Only it is a total trash sandwich.
So bear in mind I am coming off of one hell of a bender. Friday night was a reminder that when whiskey is out of the picture, I can fail in the big way. After Sake Party 2009, I am at a birthday party at Bar Lubitsch dancing with my eyes 1/3 open listening to some d-bag tell a waitress she should “be in pictures”. I wanted to say someting like “pictures like on Facebook?”, only I have no motor skills left and am focused and not tripping and spilling my vodka, or worse, falling on the glass and impaling myself in front of strangers.
Apparently, that evening, I sent a text out to 2/3 of my phone exclaiming, “I will fight the bears… And win!”. In the morning, a fellow blogger wrote me back and asked me if he should post my text to Texts From Last Night. I laughed, but by the time I was done laughing, I was already over Texts From Lasts Night and hoping it goes away. I was initially in love with it, but then it got to the point where everyone started making shit up. Ready?
(818): dude, your girlfriend is having sex with a dog.
(310): this is his girlfriend.
(818): I’m calling the human society.
Good night or bad night? I am waiting for someone to start messing with people via this site. Imagine one day reading shit like this:
(213): i just wanted to say goodbye. this world is too cruel.
(323): LOL. Bad day at work, Jake?
(twenty minutes later)
Sorry. Went off topic there.
Anyway, Saturday night I am a little bit of a caveman, exhausted and angry. Grabbed a few rolls at Fat Fish and people watched with some friends while forcing down a Sapporo. Eventually, we decide to walk from my place to 3rd Stop. The other time I’d gone here it seemed reasonably fun to brew down for a few frothingtons, but tonight was chicken salad lameness.
The hostess makes us sit down, like essentially we are not allowed to stand at the bar. My mindset is that they are forcing us to order food with these Gestapo tactics. Whatever, we’re into it if we have to. Only the waiter shows up and starts pissing me off immediately. He says, “can I get you some drinks real quick”. Blow me, Nathaniel.
Are you busy with your other 2 tables?

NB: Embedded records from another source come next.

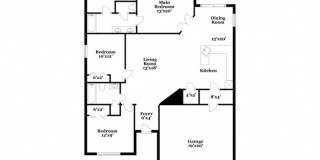 225 Leebeck Circle Gallery 3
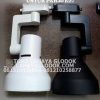 rumah lampu par30 rell track dan plafon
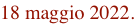 shapeimage_3_link_207
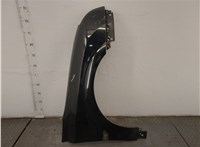  Кронштейн бампера Opel Vectra C 2002-2008 11442007 #1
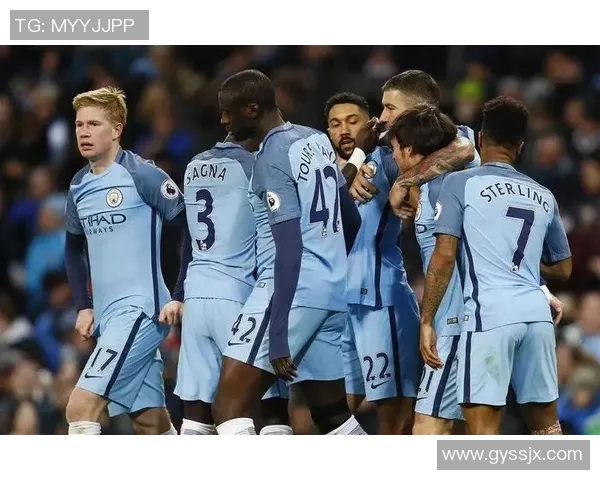 巴塞尔对曼城全场精彩回顾与赛后分析尽在此处 巴塞尔对曼城全场精彩回顾与赛后分析尽在此处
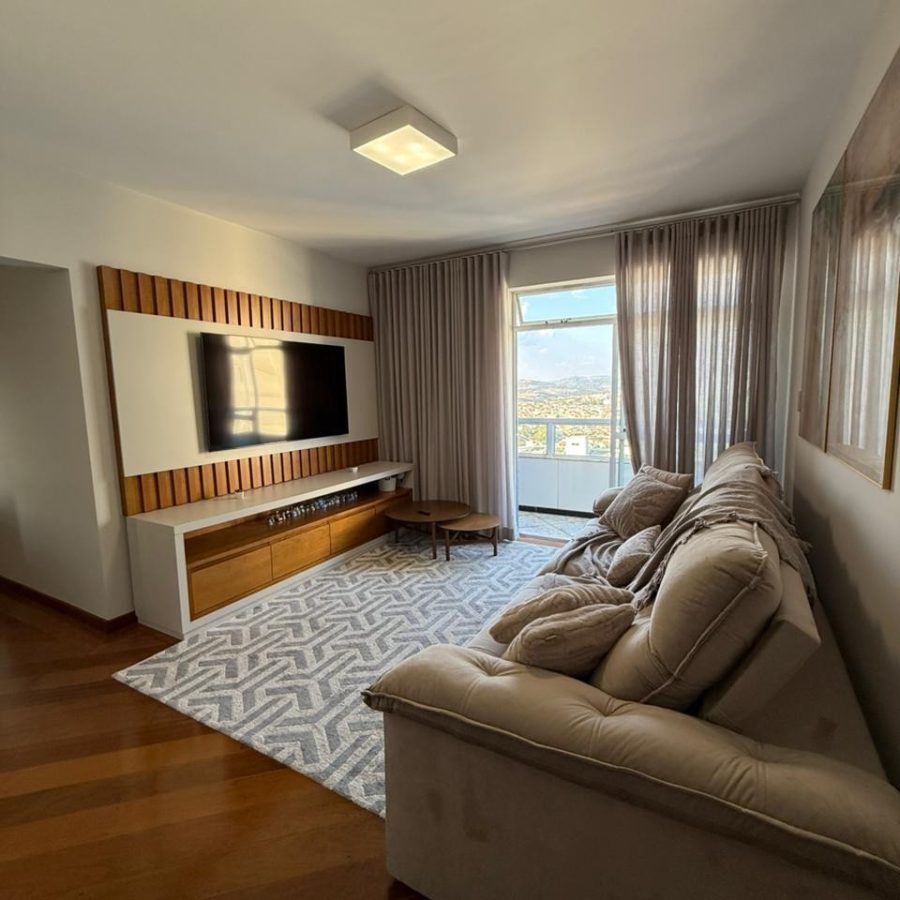 WhatsApp Image 2025-10-11 at 15.34.33 (1)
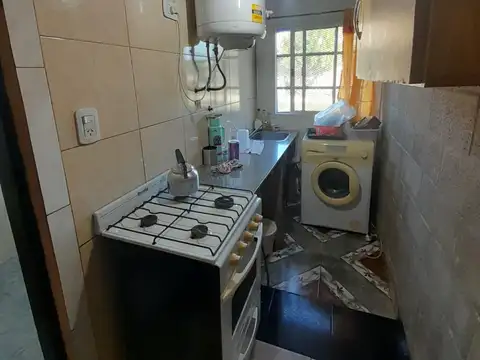 Casa en Venta 5 años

How are you going to memorize your lines from the movie you will never get cast in before moving back to Nebraska, crying as you tell your father who wished you played football and ate red meat that “I’ve failed you”, if you can’t handle taking four peoples orders? You won’t. I should be nicer. This guy was definitely super pissed he didn’t get the guest spot on How I Met Your Mother.
By the way, did you see the Grey’s Finale? Me neither. Unless it was called Pompeo Eating a Sandwich, I can’t watch that show. It’s like watching a blonde girl get tortured.

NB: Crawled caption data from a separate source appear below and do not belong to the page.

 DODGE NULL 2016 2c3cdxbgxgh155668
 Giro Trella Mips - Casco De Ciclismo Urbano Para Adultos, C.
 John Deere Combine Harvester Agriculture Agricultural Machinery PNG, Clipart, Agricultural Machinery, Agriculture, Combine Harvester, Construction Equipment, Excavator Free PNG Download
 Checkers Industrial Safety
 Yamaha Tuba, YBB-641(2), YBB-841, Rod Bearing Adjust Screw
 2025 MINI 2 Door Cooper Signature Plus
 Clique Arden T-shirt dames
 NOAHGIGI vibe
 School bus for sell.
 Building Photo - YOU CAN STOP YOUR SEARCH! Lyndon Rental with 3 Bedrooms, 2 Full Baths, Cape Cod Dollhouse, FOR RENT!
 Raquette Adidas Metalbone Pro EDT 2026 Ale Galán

Anyway, so the guy comes back with drinks and we try to order. One of our friends asks for Mac n Cheese. Sorry we don’t have that. We try a pizza. Nope. Don’t got it. What do you have? Fries. That’s it? That’s it. We’ll have the fries.
Explain to me why I have to sit at a table if I can only order fries. Why did the guy bring us silverware? Is this city striking up an ordinance that we have to cut our fries with a knife and a fork. Was this a late April Fool’s gag? I felt like I was in the Matrix, only without cool trench coats and the ability to do awesome shit.

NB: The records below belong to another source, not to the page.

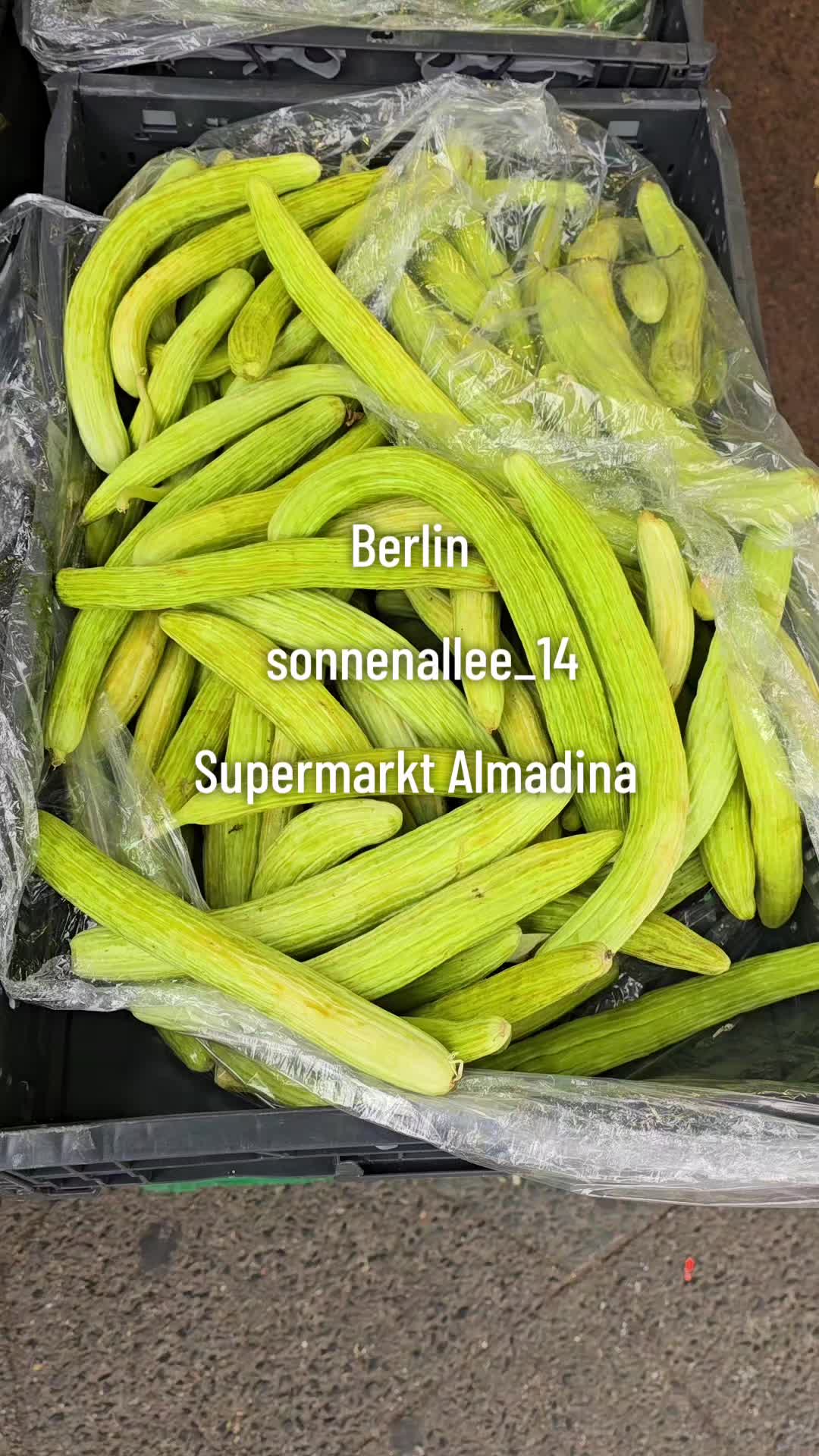 @ALMADINA_SUPERMARKT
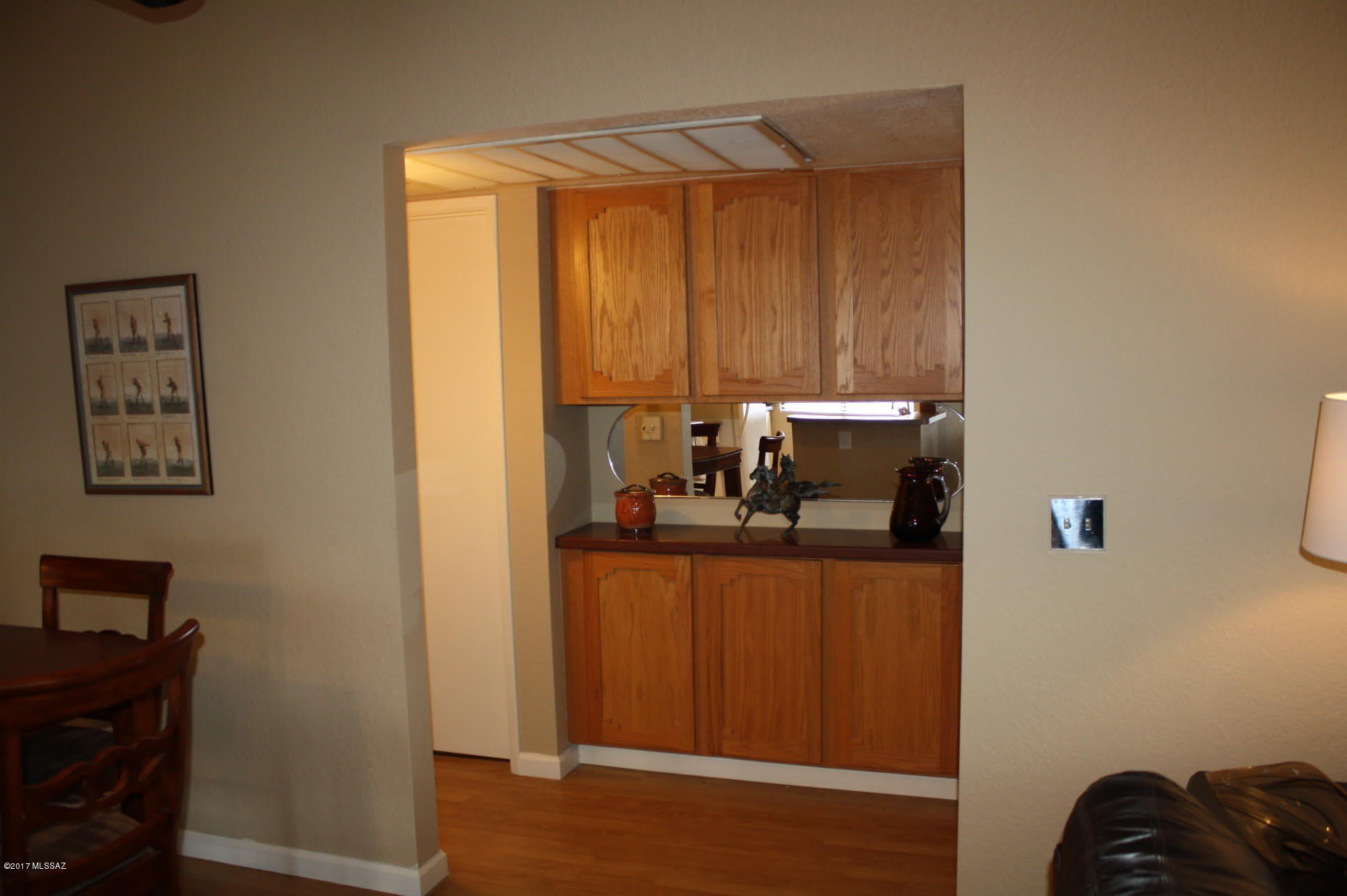 7952 E Colette Circle – photo 4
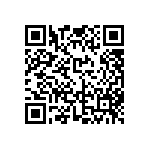 FW-15-04-F-D-620-090 QRCode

The fries come and I shit you not, they were from McDonald’s. You think I am kidding, but I am not. Think about a McDonald’s fry. You know what it tastes like. It is a skill to make a fry that has no filling, just a crispy salt casing. You know the taste and the width and the saltiness (wow, that’s what she said) of a McDonald’s fry. These were from Ronald McDonald only no one was Lovin’ It. Because these fries were marked up 500%. It was clear to me something went wrong and they had set up a fry laundering operation out of the back. These assholes were trafficking french fries.
I am the first to appreciate a fry from Ronny McD, but I hadn’t signed up for a Runaround Sandwich. This was tomfoolery. We were playing victim to the greatest potato scheme the southland had ever known. I wanted to tear this place apart.
Then I saw the world’s tallest couple outside making out and that made me feel better. I’m easy to please.
Long story short, fuck you 3rd Stop. I’ll give you one more chance due to the tough economy, otherwise the gloves are coming off.